→ **Assigned task**
In the material below, repeat only the lines from the one that holds "Sequin Butterfly Hooded Top for Girls" through the final line, exactly as they stand.

→ **Supplied records**
* * * * *
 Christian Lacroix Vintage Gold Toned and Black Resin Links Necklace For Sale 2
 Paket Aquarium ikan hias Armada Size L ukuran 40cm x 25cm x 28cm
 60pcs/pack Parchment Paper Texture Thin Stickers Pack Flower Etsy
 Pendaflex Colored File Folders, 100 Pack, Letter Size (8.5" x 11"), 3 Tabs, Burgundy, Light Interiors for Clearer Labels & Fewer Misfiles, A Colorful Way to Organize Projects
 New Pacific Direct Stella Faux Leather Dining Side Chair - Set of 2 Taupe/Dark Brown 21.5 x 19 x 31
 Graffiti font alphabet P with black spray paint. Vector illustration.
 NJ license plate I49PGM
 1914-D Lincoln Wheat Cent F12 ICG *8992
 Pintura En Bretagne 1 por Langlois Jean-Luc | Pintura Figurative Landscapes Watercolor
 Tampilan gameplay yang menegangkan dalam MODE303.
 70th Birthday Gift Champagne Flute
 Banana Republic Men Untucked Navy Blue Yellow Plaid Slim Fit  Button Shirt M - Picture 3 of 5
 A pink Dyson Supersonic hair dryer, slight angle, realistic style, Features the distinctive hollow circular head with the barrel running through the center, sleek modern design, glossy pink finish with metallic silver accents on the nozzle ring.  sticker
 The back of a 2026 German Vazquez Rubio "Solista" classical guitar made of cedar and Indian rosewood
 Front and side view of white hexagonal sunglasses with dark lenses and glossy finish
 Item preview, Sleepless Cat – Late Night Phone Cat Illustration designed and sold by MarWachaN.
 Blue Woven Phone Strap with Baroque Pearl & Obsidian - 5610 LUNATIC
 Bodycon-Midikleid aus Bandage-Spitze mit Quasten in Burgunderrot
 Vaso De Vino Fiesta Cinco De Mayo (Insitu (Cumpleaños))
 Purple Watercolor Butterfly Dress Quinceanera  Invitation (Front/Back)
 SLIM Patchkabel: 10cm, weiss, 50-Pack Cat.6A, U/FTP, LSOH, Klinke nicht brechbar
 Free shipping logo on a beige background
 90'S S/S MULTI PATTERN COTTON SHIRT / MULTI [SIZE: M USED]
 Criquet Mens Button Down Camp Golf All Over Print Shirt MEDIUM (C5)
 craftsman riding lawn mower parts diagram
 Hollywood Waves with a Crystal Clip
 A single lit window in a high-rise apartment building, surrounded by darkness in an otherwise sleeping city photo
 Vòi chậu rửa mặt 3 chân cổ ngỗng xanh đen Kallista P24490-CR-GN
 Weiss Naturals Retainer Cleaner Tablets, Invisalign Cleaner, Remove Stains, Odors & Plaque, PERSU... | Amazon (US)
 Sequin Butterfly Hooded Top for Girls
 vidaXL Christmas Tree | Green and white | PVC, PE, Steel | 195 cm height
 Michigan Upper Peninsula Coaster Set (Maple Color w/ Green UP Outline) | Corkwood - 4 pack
* * * * *
→ **Completed task**
 Sequin Butterfly Hooded Top for Girls
 vidaXL Christmas Tree | Green and white | PVC, PE, Steel | 195 cm height
 Michigan Upper Peninsula Coaster Set (Maple Color w/ Green UP Outline) | Corkwood - 4 pack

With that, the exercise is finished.